## EXERCISE GOAL
Transcribe all of the listing below in full.

## LISTED RECORDS
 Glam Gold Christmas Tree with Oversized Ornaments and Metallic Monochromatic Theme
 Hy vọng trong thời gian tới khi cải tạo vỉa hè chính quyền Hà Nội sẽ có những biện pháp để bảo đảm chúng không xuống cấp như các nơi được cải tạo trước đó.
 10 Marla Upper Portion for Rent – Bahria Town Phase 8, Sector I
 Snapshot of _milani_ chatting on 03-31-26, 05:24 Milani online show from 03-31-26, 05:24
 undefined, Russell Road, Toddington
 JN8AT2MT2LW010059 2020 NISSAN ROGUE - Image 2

## TASK RESPONSE
 Glam Gold Christmas Tree with Oversized Ornaments and Metallic Monochromatic Theme
 Hy vọng trong thời gian tới khi cải tạo vỉa hè chính quyền Hà Nội sẽ có những biện pháp để bảo đảm chúng không xuống cấp như các nơi được cải tạo trước đó.
 10 Marla Upper Portion for Rent – Bahria Town Phase 8, Sector I
 Snapshot of _milani_ chatting on 03-31-26, 05:24 Milani online show from 03-31-26, 05:24
 undefined, Russell Road, Toddington
 JN8AT2MT2LW010059 2020 NISSAN ROGUE - Image 2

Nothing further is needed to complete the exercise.